By adding together the base risk with the supplemental risk factors, an “equivalent” temperature increase is developed which in turn is directly related to the risk of the track segment buckling. The higher this risk value the greater the potential for track buckling at that site.

Table 5 illustrates the application of the buckling risk factor methodology. This example is taken from an actual BNSF track segment [8]. It should be noted that the other factors were not applied since they were not relevant to or present in this segment. The risk factor of 86 represents a high-risk site.
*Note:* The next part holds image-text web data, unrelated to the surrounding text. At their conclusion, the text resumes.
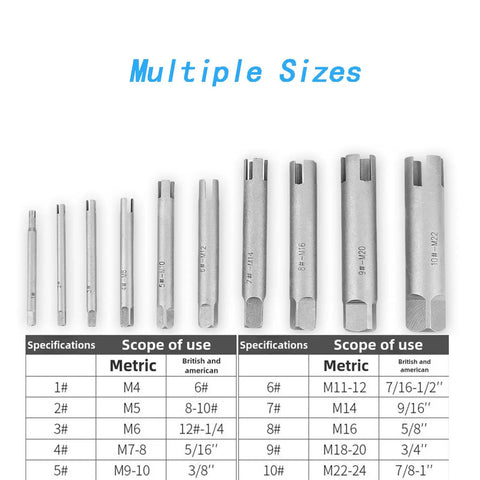 10 Piece Screw Tap Extractor Set For Stripped Screws And Bolts With 3 And 4 Flute High Speed Steel Remover Kit shown in multiple sizes and specifications.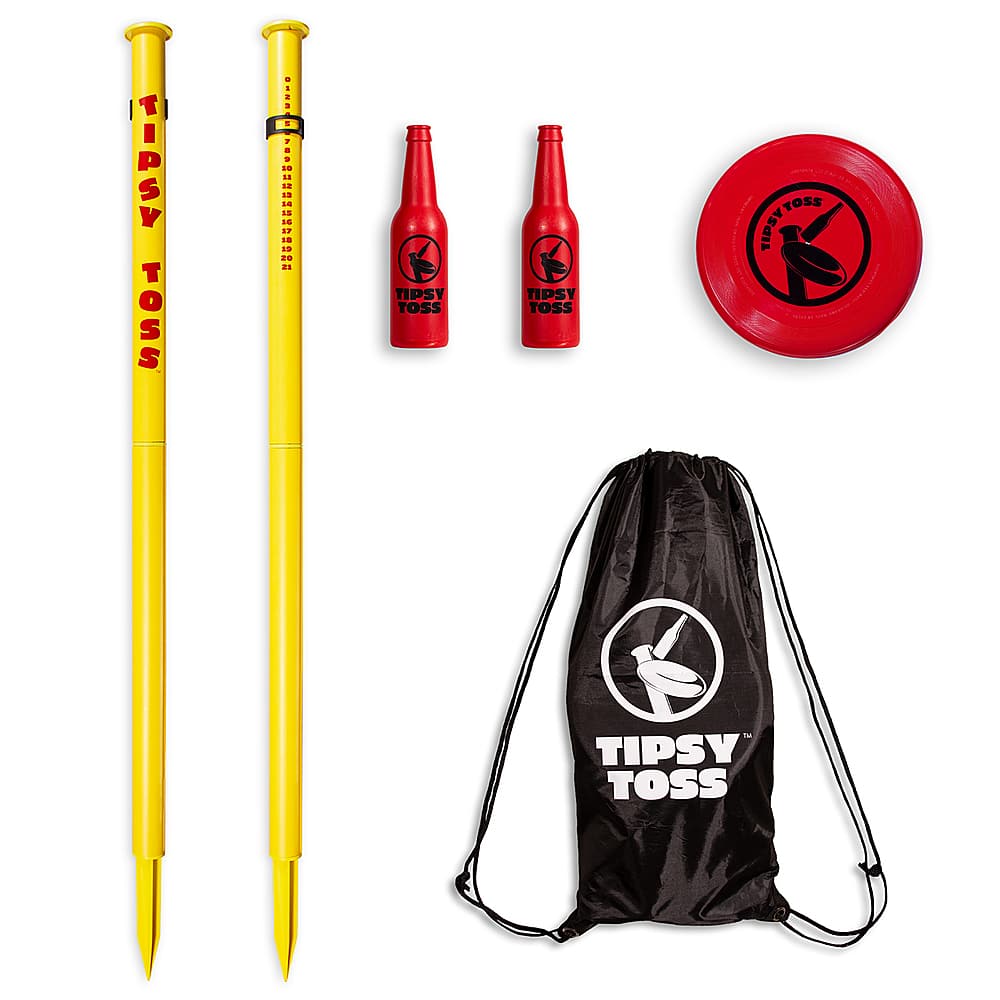 GoSports - Flying Disc Bottle Drop Tipsy Toss Game Set Yard Game and Carrying Case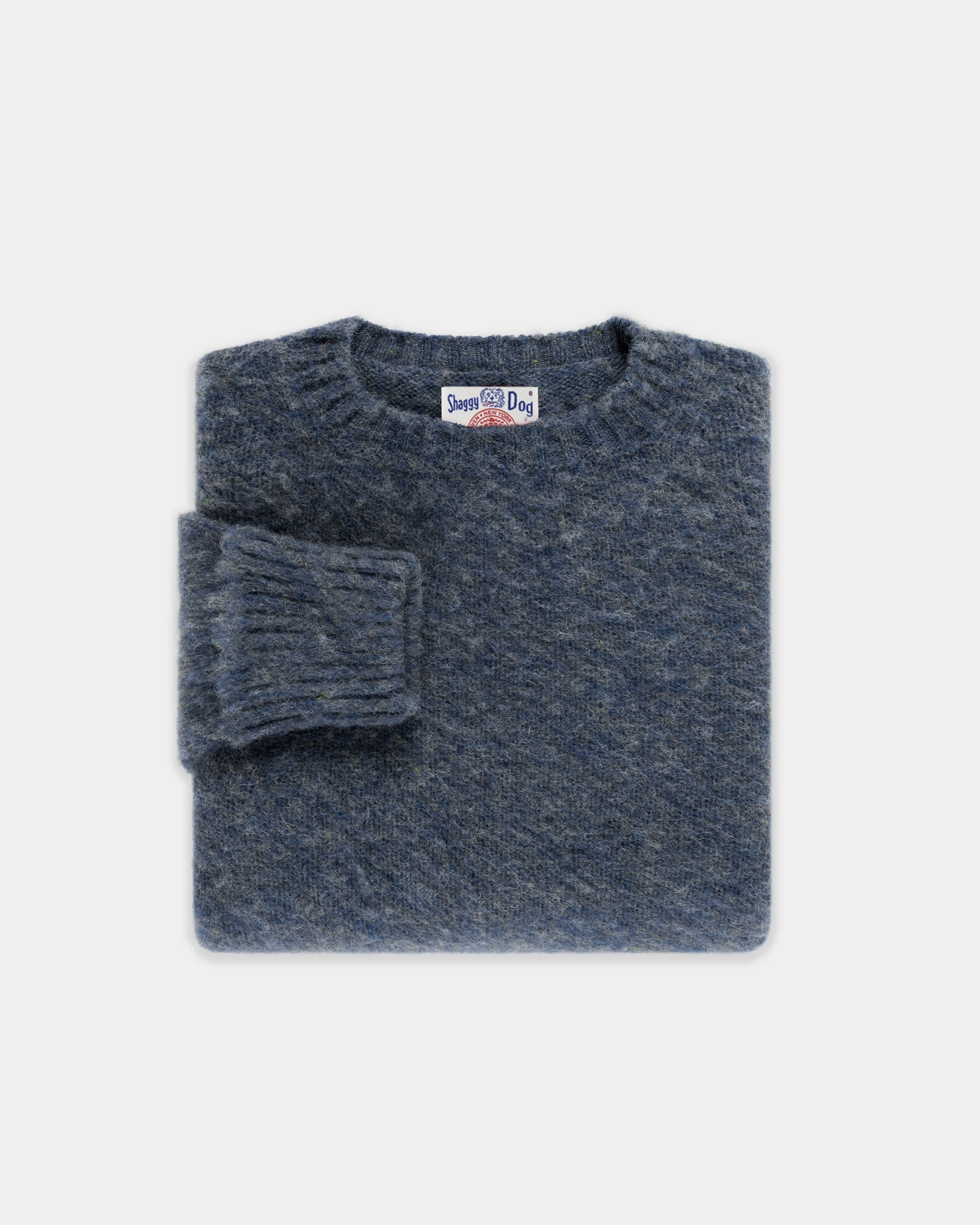 Easy Care Fabric Made-in-Scotland Medium Blue Shaggy Dog Sweater - Classic Fit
Follow up field inspection of this site confirmed the high buckling risk assessment and led to follow up action by local forces. In a recent full system application on the BNSF Railroad in the US [8], 24,200 track miles were analyzed, divided into 133,012 segments, with an average segment length of 0.30 km. For each of these segments, data was collected from BNSF and external databases as shown in Figure 4. The risk analysis identified 30 segments (0.02% of system) considered very high risk with index values greater than 80 [see Figure 5] and an additional 961 segments (0.72% of system) considered high buckling risk with index values of between 70 and 79. The 30 very high-risk segments underwent immediate inspection by local forces. As a result of these follow up inspections, 9 of the 30 segments (30%) were destressed (rail removed) immediately (see Figure 6). Several additional BuckleRisk runs were made through the summer hot weather season (June through August), which likewise identified high-risk areas for destressing and observation. Overall, the application of the BuckleRisk model on BNSF identified over 100 very high risk sites during the 2004 buckling season, contributing to the 2004 work year having the lowest number of track buckling derailments in recent BNSF history.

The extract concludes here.